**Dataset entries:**
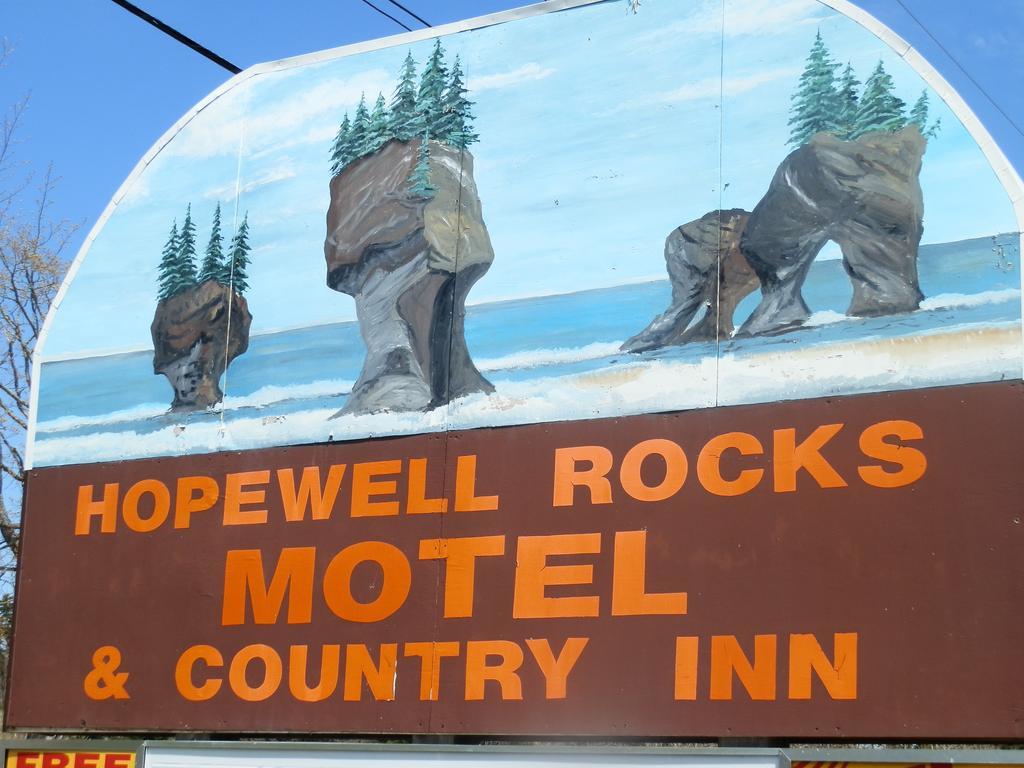 Hopewell Rocks Motel & Country Inn Hopewell Cape Exteriér fotografie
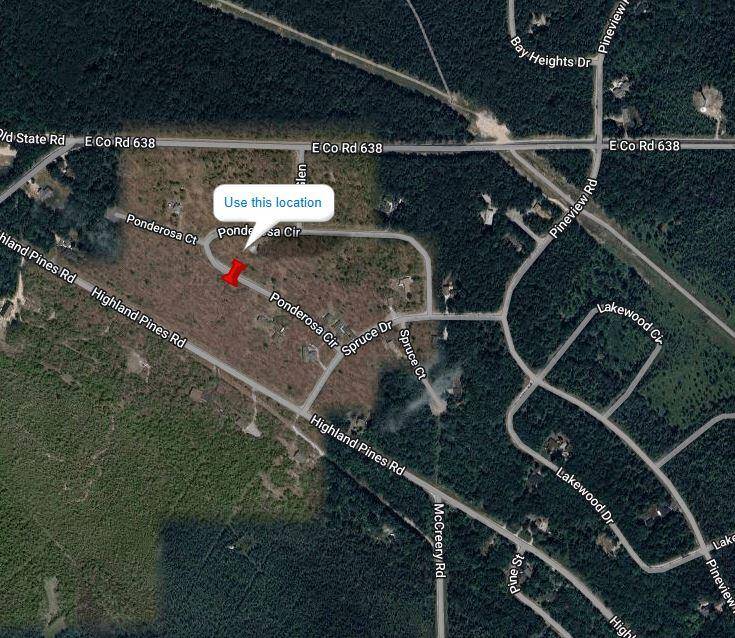 Presque Isle, MI 49777,Lot 60 Ponderosa CIR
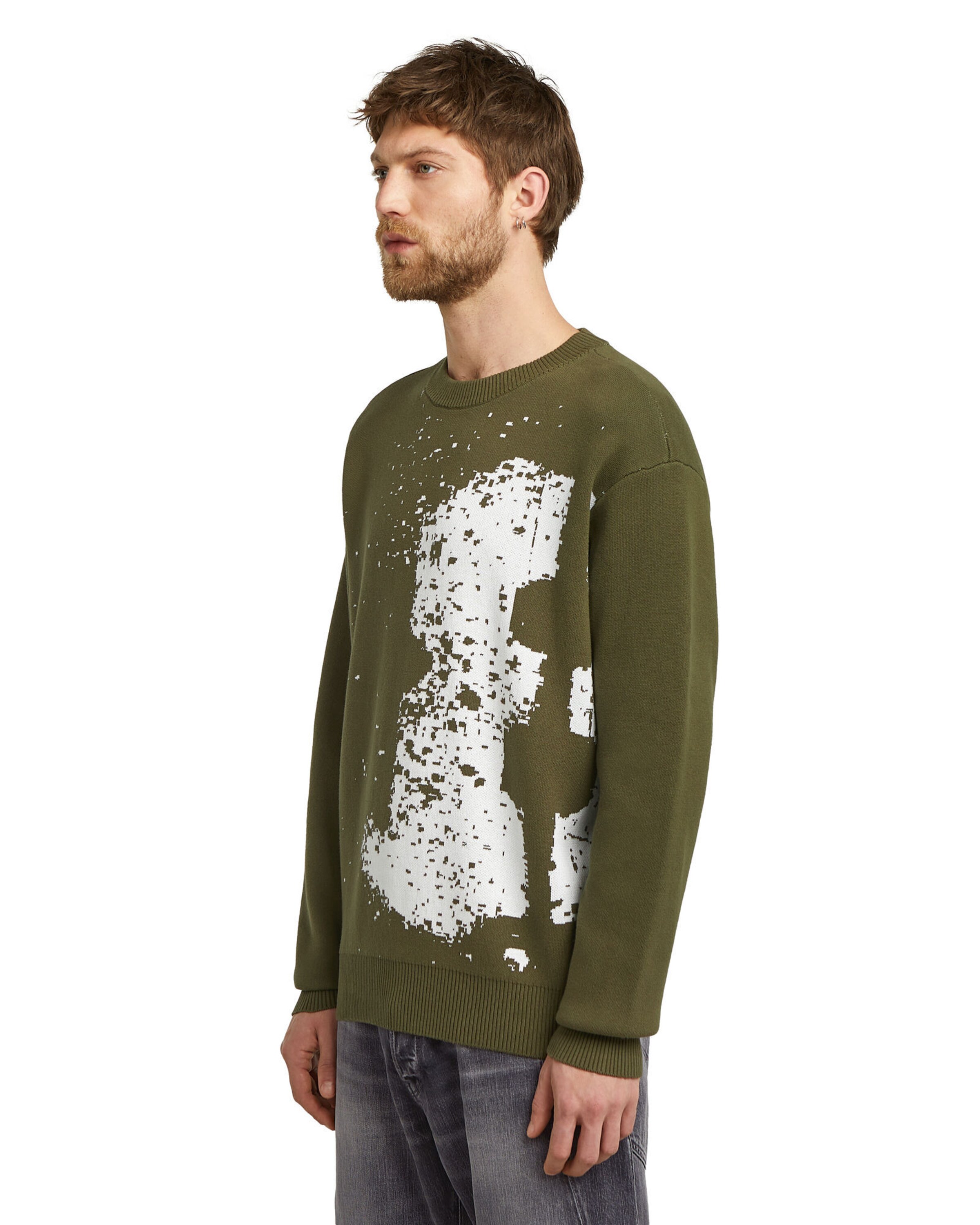 G-STAR Pullover in Grün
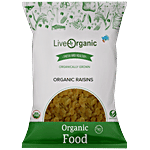 Live Organic Raisins - Natural, Fresh & Healthy 100 g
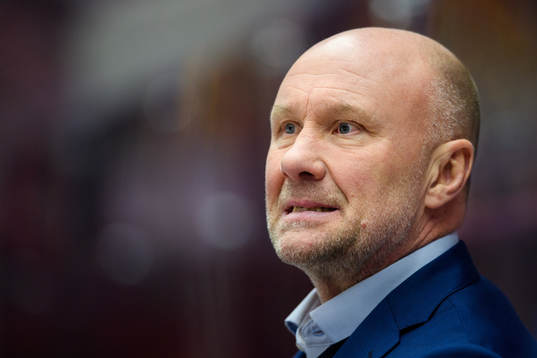 Malmö Redhawks tränare Peter Andersson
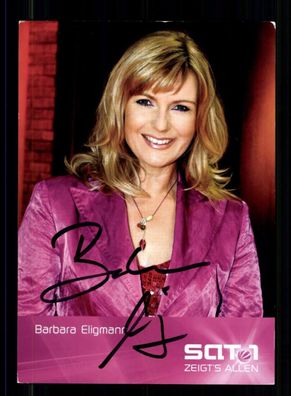 Barbara Eligmann Clever Autogrammkarte Original Signiert # BC 210994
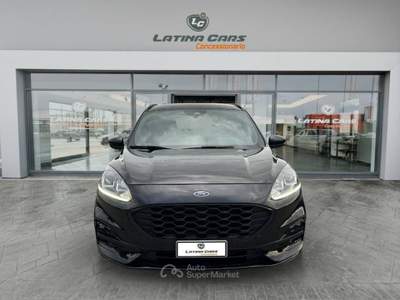 Ford Kuga 2.5 phev ST-Line 2wd 225cv AUTOMATICA E TELECAMERA Nero usata Latina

**EXERCISE BRIEF:**
Without the pictures, give again exactly the lines above starting at the line containing "Presque Isle, MI 49777,Lot 60 Ponderosa CIR" and ending at the line containing "Barbara Eligmann Clever".

**ANSWER FOR THE TASK:**
 Presque Isle, MI 49777,Lot 60 Ponderosa CIR
 G-STAR Pullover in Grün
 Live Organic Raisins - Natural, Fresh & Healthy 100 g
 Malmö Redhawks tränare Peter Andersson
 Barbara Eligmann Clever Autogrammkarte Original Signiert # BC 210994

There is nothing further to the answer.